I do think that is one of the appeals of vinyl records, the issue of sound quality aside. Handling the album and playing the record on the turn table is a tactile experience and the album covers and liner notes add to the experience-- more so than on a tiny CD, let alone a bodiless digital version.
I guess you can compare it to the preference that many people have for physical books over e-books. It is part of the experience.
A few years ago my cousin showed me the difference between digital and vinyl and daaamn, the difference was incredible. Two copies of the same song “Kodachrome” by Paul Simon, he had the CD copy and the vinyl record copy and both went through the same system to speakers and the CD did not even compare to the insane fidelity of the vinyl. It was like the difference between hearing the band live and hearing it recorded. It’s a real shame vinyl went out
throw in some glowing tube amps and you have old school experience.

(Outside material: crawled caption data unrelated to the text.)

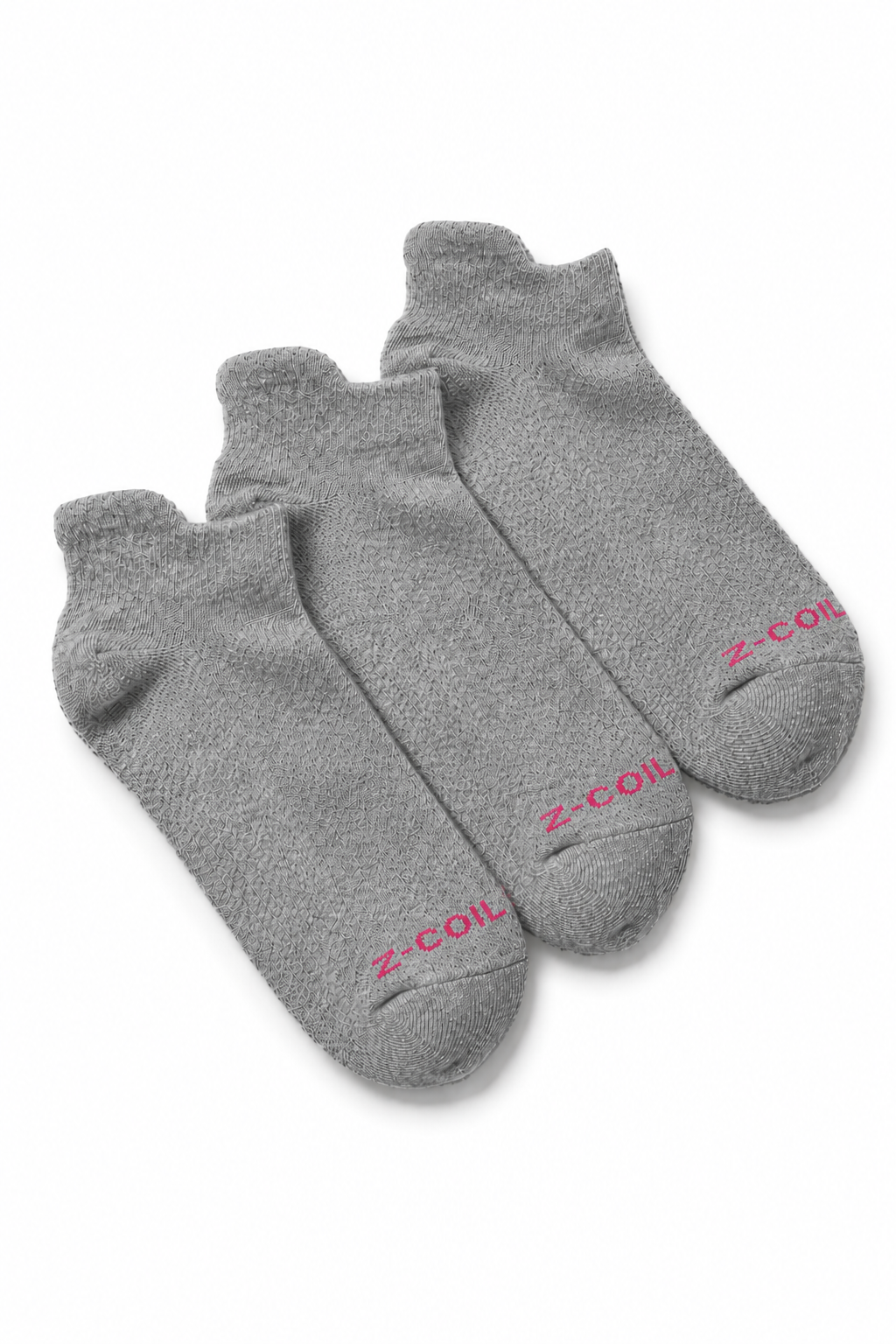 Low Cut Bamboo Socks — Grey, 3 Pack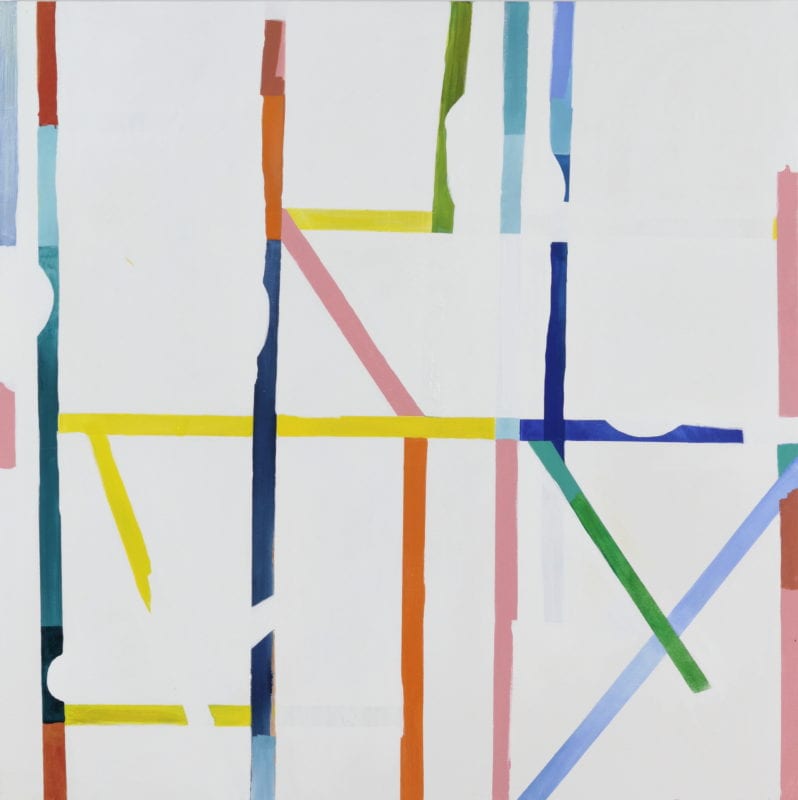 Antonia Sellbach 'Unstable Object #44' 2021 acrylic and gesso on linen 150 x 150 cm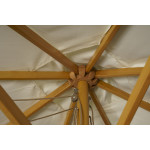 Paris Prix Parasol En Bois "Naxos" 300cm Naturel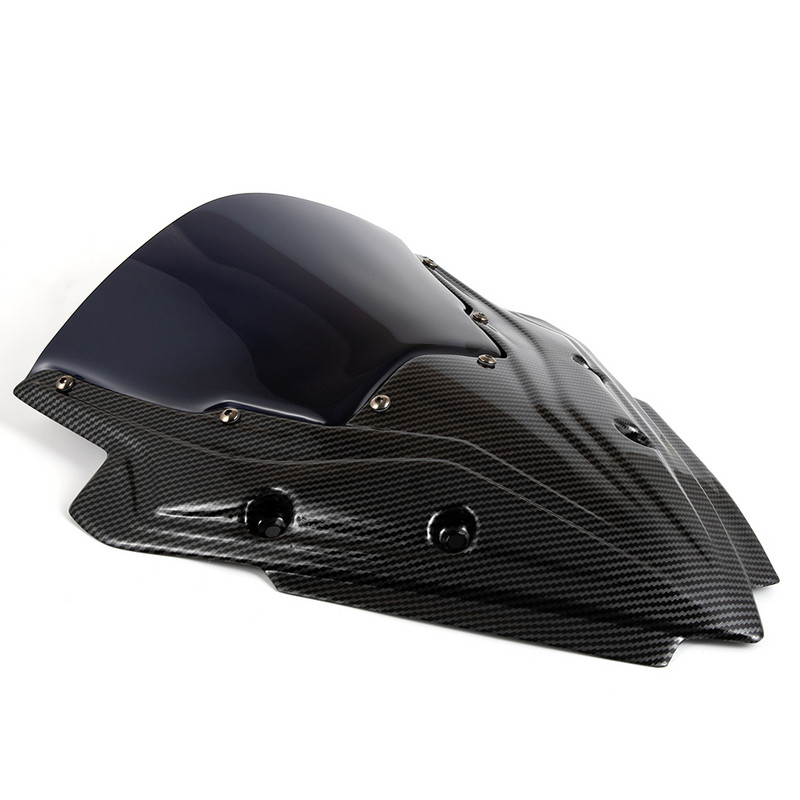 Motocyklové pretekárske športy z uhlíkových vlákien, čelné sklo, deflektor čelného skla, clona pre Kawasaki Ninja650 Ninja 650 2017 2018 2019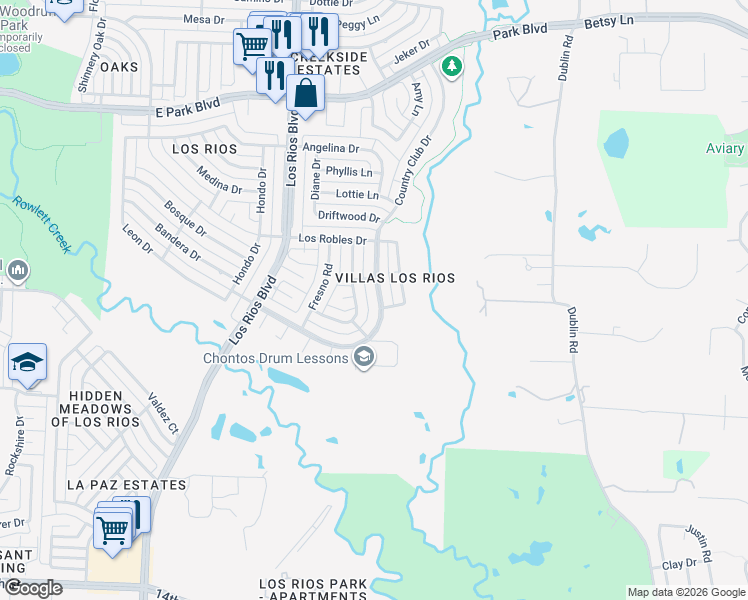map of restaurants, bars, coffee shops, grocery stores, and more near 1908 Aliso Road in Plano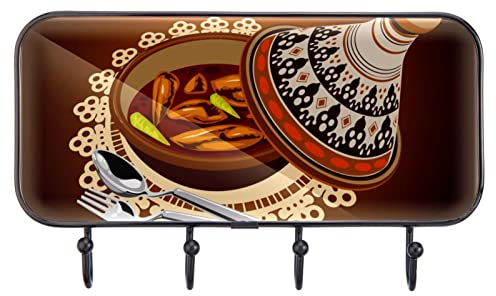 Sambal - Tajine de pollo servido con aceitunas, ganchos adhesivos para toallas, ganchos de pared para baño, cocina, dormitorio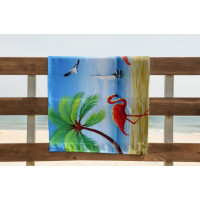 Plážová osuška 70x140 cm Summer Paradise - Plameniaky
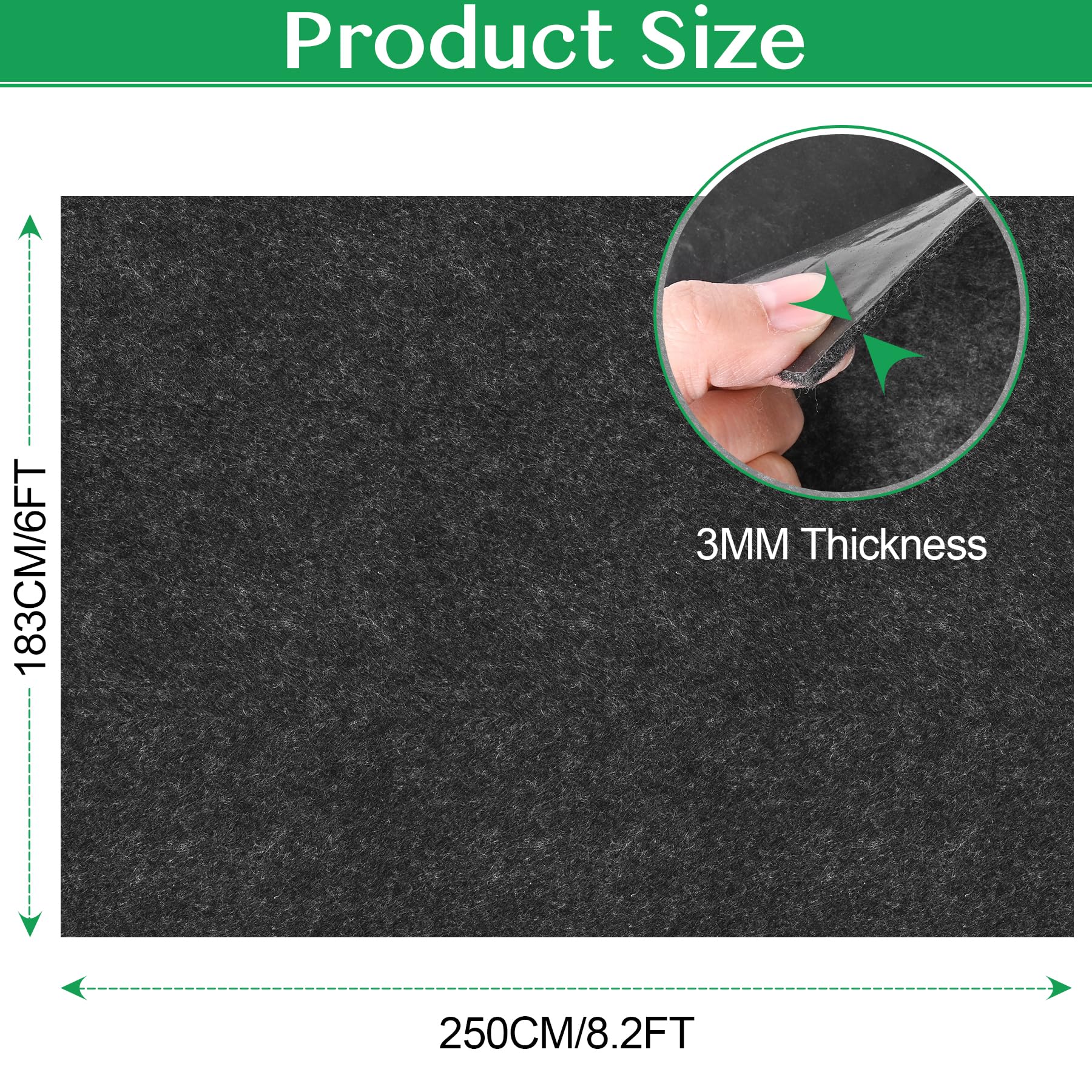 ToLanbbt Outdoor Storage Shed Floor Mat laid out flat on grass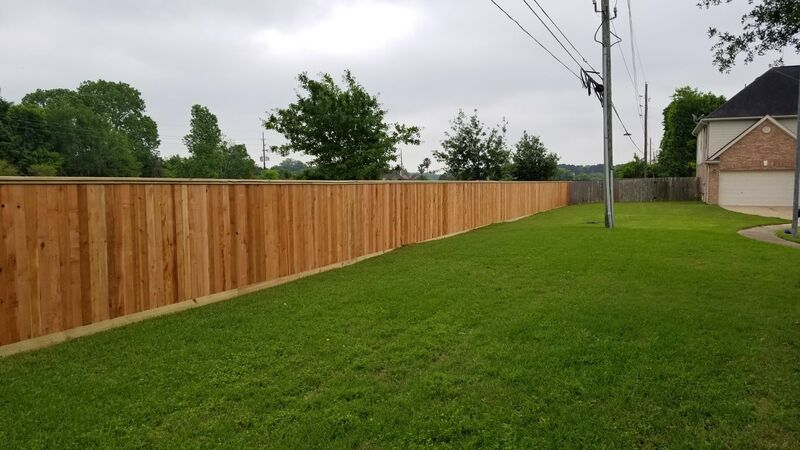 Wood Fence installed in katy tx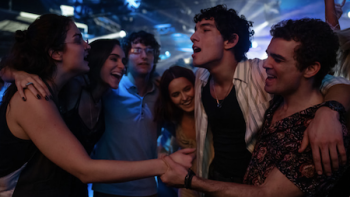 Now & Then TV show: Celebrating the end of college. 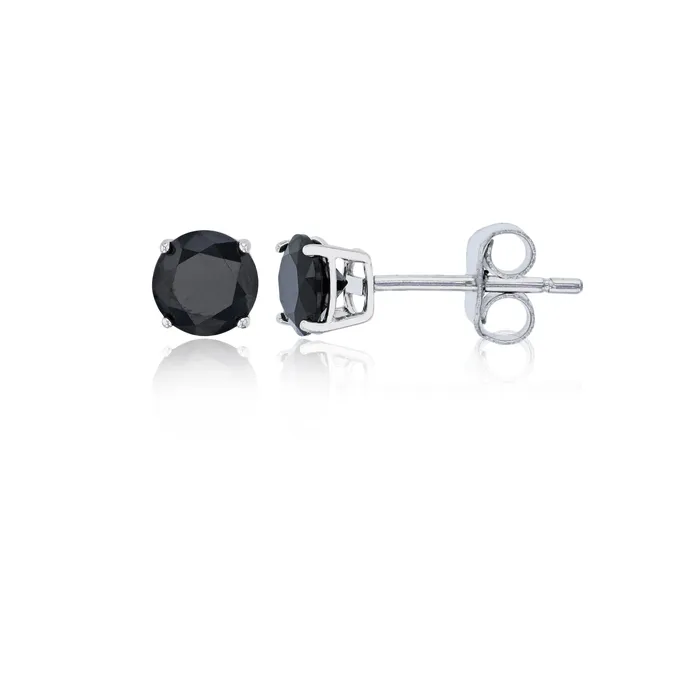 Earrings Silver Sterling Silver Polished Hypoallergenic 4mm Simulated Diamond Birthstone Solitaire Stud Earrings Earrings Silver Sterling Silver Polished Hypoallergenic 4mm Simulated Diamond Birthstone Solitaire Stud Earrings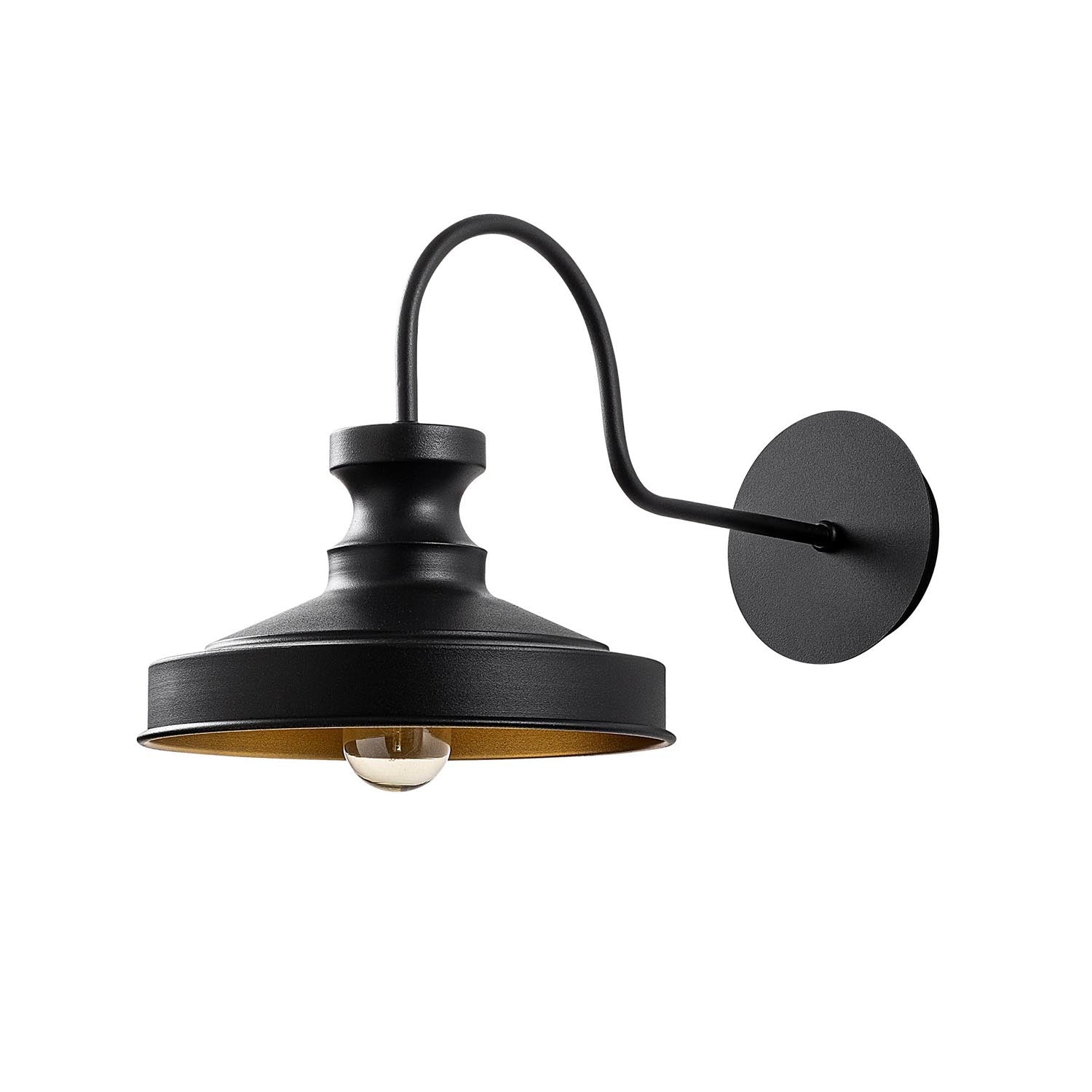 Berceste - 182BLACK-A in Schwarz präsentiert im Onlineshop von KAQTU Design AG. Wandleuchte ist von Opviq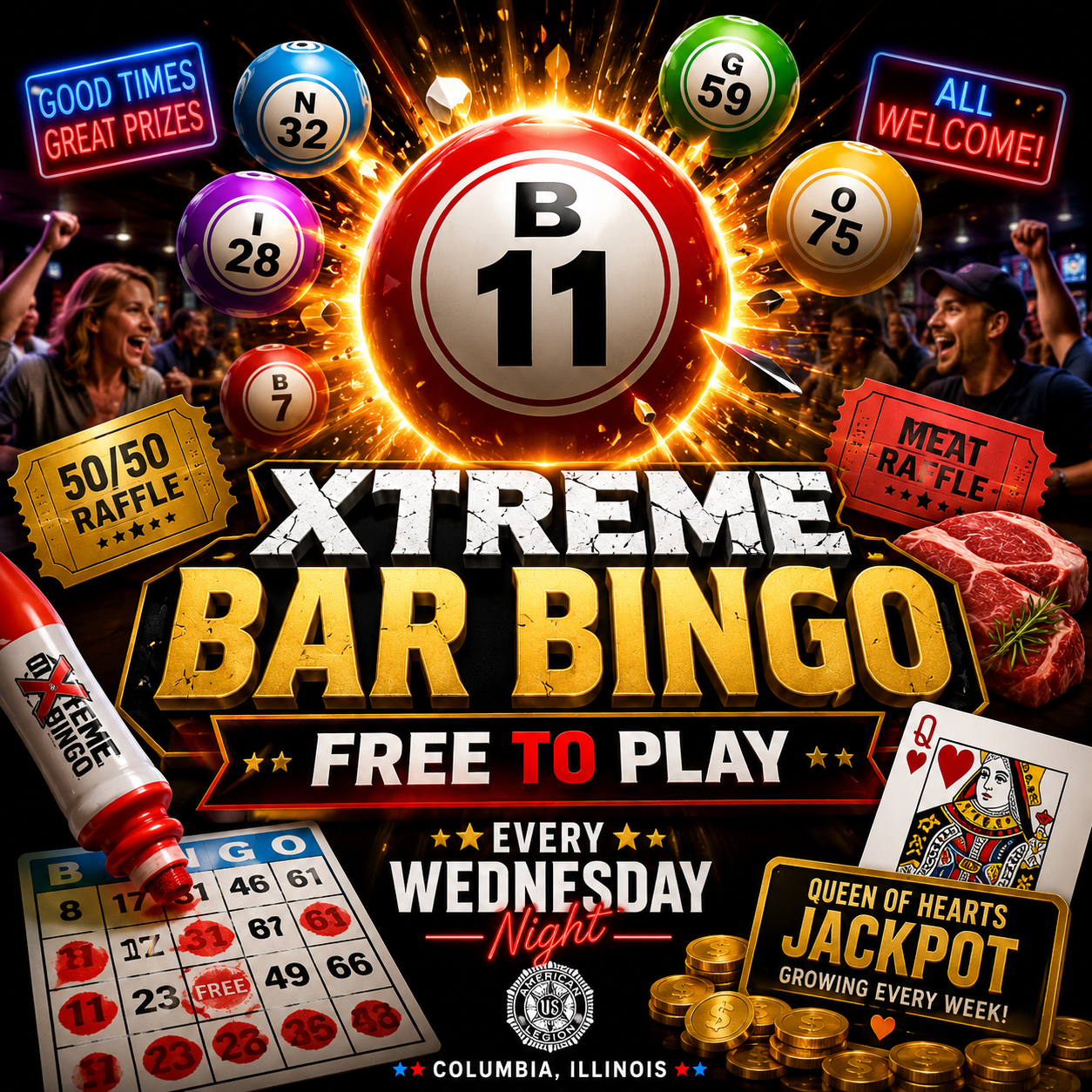 Extreme Bar Bingo at American Legion Post 581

Buyback stores do a thriving business: Half-Price Books, CD Exchange, etc.
After selling all my LPs before I went to college in ‘84, then moving to CDs after graduation, then moving to MP3s and on to lossless FLAC, I’ve started buying my old LPs again. Might not sound quite as clean, definitely requires a lot more space and more careful handling, but there’s nothing like sitting in front of my turntable with my headphones on, looking at the large format album art and lyrics, and watching the vinyl spin.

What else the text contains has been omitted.